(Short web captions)
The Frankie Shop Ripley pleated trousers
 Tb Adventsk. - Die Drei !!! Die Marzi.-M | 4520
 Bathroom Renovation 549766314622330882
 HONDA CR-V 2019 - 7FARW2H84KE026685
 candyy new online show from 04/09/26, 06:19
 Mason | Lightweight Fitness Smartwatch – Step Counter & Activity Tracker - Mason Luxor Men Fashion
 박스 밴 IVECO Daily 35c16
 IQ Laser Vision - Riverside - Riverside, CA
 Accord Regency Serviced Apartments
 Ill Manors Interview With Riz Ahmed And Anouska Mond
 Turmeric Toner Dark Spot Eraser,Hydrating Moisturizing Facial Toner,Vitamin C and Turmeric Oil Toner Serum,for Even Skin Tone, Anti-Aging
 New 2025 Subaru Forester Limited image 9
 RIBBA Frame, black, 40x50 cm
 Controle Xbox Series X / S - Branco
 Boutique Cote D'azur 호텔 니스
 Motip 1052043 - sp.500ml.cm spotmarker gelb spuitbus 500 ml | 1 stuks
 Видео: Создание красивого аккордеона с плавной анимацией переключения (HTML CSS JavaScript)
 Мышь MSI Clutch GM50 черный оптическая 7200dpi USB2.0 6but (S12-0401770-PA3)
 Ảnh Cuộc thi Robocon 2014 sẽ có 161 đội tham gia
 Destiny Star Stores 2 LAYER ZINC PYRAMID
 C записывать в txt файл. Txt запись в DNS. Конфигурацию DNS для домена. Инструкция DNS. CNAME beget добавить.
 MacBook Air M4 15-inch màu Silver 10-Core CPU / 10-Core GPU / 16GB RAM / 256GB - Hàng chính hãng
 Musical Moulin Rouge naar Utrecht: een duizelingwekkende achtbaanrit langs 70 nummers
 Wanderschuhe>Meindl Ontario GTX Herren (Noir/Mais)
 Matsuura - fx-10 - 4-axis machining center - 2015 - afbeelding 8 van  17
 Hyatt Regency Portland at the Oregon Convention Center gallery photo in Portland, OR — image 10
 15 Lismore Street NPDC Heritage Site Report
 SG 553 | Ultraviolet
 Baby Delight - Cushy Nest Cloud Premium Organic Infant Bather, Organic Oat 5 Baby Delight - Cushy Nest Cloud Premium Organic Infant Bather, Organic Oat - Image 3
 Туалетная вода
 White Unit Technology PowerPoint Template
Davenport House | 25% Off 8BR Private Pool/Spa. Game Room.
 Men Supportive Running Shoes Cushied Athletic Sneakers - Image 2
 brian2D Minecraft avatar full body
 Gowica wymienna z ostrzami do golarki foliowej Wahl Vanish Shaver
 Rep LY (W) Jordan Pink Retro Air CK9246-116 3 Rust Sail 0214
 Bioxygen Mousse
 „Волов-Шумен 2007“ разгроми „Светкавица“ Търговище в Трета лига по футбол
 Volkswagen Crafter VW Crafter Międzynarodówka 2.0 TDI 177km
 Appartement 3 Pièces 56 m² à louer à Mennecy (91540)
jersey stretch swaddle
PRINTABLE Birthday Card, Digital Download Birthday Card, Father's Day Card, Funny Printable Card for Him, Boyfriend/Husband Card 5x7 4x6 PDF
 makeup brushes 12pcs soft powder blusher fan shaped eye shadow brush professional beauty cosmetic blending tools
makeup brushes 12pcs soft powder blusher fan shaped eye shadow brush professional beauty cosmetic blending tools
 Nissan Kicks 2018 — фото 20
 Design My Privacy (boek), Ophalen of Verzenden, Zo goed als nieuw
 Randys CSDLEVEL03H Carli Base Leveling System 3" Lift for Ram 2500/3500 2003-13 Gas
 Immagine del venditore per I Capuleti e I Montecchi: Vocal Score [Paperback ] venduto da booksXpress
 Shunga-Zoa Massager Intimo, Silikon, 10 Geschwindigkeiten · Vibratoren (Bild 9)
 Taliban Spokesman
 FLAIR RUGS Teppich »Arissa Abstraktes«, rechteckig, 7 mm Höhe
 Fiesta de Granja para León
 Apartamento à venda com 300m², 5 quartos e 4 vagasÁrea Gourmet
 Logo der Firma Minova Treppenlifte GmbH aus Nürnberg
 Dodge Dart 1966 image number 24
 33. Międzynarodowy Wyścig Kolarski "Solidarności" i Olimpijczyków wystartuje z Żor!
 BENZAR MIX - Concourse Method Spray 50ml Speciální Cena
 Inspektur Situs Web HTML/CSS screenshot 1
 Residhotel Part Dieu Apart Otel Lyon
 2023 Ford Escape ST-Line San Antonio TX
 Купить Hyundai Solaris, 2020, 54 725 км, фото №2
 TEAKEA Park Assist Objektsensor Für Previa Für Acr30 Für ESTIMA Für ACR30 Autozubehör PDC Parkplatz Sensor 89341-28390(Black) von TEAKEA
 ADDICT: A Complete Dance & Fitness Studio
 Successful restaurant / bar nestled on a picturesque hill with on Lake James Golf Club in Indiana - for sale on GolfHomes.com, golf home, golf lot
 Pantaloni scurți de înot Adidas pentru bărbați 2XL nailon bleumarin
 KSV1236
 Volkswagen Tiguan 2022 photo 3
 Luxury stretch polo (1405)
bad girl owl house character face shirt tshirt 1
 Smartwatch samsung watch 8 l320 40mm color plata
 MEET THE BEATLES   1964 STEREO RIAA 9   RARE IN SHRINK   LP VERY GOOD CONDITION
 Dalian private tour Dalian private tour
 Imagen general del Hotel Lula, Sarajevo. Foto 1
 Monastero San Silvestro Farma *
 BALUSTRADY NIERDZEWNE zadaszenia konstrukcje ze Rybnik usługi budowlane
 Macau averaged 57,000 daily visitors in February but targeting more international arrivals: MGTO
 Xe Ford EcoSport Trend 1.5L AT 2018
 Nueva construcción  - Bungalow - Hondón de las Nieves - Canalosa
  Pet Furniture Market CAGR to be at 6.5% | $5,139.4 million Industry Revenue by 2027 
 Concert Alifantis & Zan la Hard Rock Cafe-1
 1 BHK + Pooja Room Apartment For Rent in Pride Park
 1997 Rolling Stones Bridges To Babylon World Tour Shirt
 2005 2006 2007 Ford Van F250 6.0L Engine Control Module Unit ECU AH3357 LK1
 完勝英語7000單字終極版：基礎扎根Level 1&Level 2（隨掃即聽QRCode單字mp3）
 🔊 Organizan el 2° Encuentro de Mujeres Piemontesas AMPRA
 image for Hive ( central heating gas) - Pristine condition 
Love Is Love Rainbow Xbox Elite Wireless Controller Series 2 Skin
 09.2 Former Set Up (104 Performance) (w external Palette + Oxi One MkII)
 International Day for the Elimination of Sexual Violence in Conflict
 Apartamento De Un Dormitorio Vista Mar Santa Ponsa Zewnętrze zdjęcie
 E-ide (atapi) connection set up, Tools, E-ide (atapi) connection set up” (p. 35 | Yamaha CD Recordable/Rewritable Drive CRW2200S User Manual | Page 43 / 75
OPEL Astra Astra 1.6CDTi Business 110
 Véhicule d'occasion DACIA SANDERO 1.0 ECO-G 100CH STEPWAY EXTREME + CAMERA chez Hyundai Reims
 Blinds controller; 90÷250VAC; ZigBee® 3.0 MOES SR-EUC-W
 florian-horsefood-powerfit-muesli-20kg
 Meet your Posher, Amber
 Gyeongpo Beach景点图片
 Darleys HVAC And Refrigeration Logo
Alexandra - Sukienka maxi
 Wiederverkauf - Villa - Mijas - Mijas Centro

Exercise requirements
Look above for the line with "MEET THE BEATLES" and the line with "Nieves - Canalosa". Write out those two lines and all the lines between them, exactly, and no others.

Task response
 MEET THE BEATLES   1964 STEREO RIAA 9   RARE IN SHRINK   LP VERY GOOD CONDITION
 Dalian private tour Dalian private tour
 Imagen general del Hotel Lula, Sarajevo. Foto 1
 Monastero San Silvestro Farma *
 BALUSTRADY NIERDZEWNE zadaszenia konstrukcje ze Rybnik usługi budowlane
 Macau averaged 57,000 daily visitors in February but targeting more international arrivals: MGTO
 Xe Ford EcoSport Trend 1.5L AT 2018
 Nueva construcción  - Bungalow - Hondón de las Nieves - Canalosa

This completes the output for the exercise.